Merkezi İngiltere’de bulunan Muhiddin-i
Arabi Derneği üyeleri, İslâm mutasavvıfının yaşadığı yerleri gezerek
felsefesinin izini sürüyor. 12. ve 13. yüzyıllarda yaşayan Arabi’nin
düşüncelerini daha iyi anlamayı amaçlayan grup, diyar diyar dolaşıp ünlü
mutasavvıfın eserlerine yansıyan mekânları yeniden solukluyor. Arabi’nin
yaşadığı kentlerden Sevilla, Murcia ve Kurtuba’yı gezen dernek üyelerinin son
durağı Türkiye’de Konya oldu. Yaşadığı çağa ismini yazdıran İbn-i Arabi
hakkında paha biçilemeyen kitapların bulunduğu Yusuf Ağa Kütüphanesi’ni ziyaret
eden akademisyen ve yazarlar, İbn-i Arabi’nin üvey oğlu ve en büyük öğrencisi
Sadreddin Konevi’nin mezarını da ziyaret etti. Dünyada 500’ü aşkın aktif üyesi
bulunan derneğin üyeleri, Konya’da Selçuklu döneminden kalma tarihî mekânları
da gezdi. Arabi’nin düşüncelerinden etkilenerek araştırma ve akademik
çalışmalar yapan 24 kişilik grup, Bölge Yazma Eserler Kütüphanesi’ne giderek,
İbn-i Arabi hakkındaki birçok temel eserin CD kopyalarını aldı.

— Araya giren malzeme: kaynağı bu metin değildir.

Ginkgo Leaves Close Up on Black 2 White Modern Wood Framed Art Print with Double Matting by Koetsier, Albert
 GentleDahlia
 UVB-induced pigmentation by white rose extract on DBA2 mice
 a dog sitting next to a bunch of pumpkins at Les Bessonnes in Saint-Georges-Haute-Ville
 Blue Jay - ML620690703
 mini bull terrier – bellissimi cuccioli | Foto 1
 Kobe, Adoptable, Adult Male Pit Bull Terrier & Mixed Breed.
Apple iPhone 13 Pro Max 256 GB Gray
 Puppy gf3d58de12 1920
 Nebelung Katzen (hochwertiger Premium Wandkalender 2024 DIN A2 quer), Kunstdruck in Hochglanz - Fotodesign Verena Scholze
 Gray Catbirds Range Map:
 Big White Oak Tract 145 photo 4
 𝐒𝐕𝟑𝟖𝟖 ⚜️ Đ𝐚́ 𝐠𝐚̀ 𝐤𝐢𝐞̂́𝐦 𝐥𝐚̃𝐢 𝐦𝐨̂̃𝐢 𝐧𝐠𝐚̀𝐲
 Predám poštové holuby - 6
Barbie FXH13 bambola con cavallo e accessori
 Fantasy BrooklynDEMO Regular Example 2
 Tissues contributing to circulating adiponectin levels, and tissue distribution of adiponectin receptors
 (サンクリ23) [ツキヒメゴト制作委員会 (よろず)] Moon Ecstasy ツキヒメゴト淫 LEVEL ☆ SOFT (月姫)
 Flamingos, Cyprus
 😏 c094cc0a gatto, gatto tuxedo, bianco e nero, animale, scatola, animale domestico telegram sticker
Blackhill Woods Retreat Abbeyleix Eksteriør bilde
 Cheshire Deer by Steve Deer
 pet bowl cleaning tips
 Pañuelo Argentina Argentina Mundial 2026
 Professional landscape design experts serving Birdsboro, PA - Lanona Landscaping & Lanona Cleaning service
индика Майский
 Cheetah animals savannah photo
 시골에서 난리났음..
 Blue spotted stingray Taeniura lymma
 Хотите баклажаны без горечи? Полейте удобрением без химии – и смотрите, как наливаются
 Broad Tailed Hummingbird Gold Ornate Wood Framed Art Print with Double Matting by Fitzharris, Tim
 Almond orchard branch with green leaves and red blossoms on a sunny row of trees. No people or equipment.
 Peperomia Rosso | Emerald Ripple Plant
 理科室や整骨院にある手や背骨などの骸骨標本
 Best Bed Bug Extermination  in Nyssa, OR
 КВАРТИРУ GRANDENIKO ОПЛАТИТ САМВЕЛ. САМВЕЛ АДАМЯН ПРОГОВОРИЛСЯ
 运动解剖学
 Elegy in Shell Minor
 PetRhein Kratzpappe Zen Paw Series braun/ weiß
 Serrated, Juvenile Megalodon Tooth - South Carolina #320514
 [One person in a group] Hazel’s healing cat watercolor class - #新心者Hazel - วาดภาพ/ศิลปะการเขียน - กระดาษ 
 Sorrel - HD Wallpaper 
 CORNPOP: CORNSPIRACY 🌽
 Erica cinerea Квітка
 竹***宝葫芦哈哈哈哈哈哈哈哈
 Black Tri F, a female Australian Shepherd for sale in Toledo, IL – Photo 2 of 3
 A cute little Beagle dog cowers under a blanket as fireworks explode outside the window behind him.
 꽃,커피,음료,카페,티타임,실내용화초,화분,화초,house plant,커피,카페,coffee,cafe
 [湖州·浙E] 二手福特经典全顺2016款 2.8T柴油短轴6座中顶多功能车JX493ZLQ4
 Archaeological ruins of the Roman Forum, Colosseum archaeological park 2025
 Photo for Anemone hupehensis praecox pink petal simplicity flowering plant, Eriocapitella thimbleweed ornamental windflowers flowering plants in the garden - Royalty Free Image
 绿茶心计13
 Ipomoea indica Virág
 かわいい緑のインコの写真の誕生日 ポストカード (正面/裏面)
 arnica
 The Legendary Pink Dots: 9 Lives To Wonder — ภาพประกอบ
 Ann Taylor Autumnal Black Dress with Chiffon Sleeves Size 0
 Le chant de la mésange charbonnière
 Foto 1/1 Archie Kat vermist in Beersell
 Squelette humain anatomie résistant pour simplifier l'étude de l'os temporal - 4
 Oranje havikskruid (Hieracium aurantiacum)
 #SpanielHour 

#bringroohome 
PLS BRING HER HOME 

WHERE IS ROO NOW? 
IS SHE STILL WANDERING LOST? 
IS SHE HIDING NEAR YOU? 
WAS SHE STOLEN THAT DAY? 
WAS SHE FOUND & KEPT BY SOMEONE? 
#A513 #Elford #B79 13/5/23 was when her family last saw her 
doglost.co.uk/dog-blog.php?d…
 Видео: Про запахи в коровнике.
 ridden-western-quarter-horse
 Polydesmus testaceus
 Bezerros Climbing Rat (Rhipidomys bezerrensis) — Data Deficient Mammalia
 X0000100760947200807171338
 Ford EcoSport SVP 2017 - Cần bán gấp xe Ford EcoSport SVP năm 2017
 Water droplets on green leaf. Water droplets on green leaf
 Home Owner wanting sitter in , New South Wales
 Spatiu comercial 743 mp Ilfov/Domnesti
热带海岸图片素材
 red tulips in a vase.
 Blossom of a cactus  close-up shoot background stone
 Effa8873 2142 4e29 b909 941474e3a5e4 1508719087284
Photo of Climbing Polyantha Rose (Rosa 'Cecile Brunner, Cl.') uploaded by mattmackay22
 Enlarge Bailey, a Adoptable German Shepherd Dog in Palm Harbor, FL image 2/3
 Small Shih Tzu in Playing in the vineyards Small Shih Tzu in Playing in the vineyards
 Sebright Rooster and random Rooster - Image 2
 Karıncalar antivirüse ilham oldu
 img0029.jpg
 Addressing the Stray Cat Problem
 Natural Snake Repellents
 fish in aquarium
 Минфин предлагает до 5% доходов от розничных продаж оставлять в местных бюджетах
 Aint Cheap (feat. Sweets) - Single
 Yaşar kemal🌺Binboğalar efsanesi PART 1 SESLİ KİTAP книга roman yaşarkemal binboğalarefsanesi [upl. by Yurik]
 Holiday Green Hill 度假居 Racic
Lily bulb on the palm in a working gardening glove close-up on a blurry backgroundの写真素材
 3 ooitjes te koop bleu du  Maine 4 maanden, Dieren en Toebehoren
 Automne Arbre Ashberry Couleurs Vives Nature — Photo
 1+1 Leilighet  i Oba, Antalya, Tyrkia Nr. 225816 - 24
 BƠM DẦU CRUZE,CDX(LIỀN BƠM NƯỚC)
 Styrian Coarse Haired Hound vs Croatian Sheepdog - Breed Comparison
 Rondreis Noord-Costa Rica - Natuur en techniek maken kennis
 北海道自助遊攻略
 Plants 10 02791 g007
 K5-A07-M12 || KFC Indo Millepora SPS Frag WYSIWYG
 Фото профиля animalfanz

İngilizler, adına dernek kurdukları ünlü
İslam mutasavvıfı Muhiddin-i Arabi hakkında araştırmalar yaparak, öğretilerini
çeşitli yayınlar ve etkinliklerle tüm dünyaya anlatmaya çalışıyor. Bu yöndeki
gayretler, Muhiddin-i Arabi’nin görüşlerinin İngiltere’de keşfedilmesine sebep
oldu. Batı’nın İbn-i Arabi’yi yeniden tanıdığını vurgulayan derneğin yayın
sorumlusu yazar Stephen Hirtenstein, meşhur mutasavvıfın düşüncelerini tüm
dünyaya anlatmak için etkinlikler düzenlediklerini aktarıyor. 1982 yılında
İngiltere’de kurdukları derneğe birçok akademisyen ve yazarın üye olduğunu
söyleyen Hirtenstein, yaptıkları gezinin amacını “İbn-i Arabi’nin yaşadığı
mekanları görmek, hissetmek, fikirlerini ortaya koyduğu bu yerleri yaşayarak
onun duygularını paylaşmak istiyoruz.” diyerek açıklıyor. Dernek, Muhiddin-i
Arabi ile ilgili 4 adet kitap yayınladı, 37. sayıya ulaşan 6 ayda bir
neşredilen dergi çıkardı. Basılan bütün kitap ve dergiler ise dünya genelinde
birçok kütüphaneye gönderiliyor.
Ünlü düşünürün yaşadığı kentlere bir bir
gittiklerini anlatan Hirtenstein, “Konya, Arabi’nin yaşadığı bir kent. Hem bu
yönüyle hem de tarihi dokusuyla bizi heyecanlandırdı. Burada İbn-i Arabi’nin
üvey oğlu ve Anadolu’daki en iyi takipçisi Sadreddin Konevi’nin türbesi ve onun
hakkında yazılan eserler var.” diye konuşuyor. Hirtenstein, Cambridge
Üniversitesi’nde sufizm eğitimi alırken Arabi hakkında yazılan bir kitap
okuduğunu, daha sonra anlamaya çalıştığı tasavvuf düşüncesinin, birdenbire tüm
yaşamını değiştirdiğini kaydediyor.
Muhiddin-i Arabi’yi anlatan ‘The Unlimited
Mercifier” isimli kitabı olan Hirtenstein, “Arabi bir anahtar, o gerçeklerin
kapısını açıyor. Onda bütün dünyanın ihtiyacı olan saygı, hoşgörü, sevgi ve
gönüle hitap eden üslup vardır. O hem Doğulu, hem de Batılı. Biz de biraz
Doğulu ve biraz da Batılı olmalıyız. Ona göre, bütün farklılıklar kendi içinde
bir bütündür ve bugün ihtiyacımız olan farklılıkları anlamaktır. Farklılıklar
kargaşaya değil, bir zenginlik olarak insanları buluşturmaya sebep olmalıdır.”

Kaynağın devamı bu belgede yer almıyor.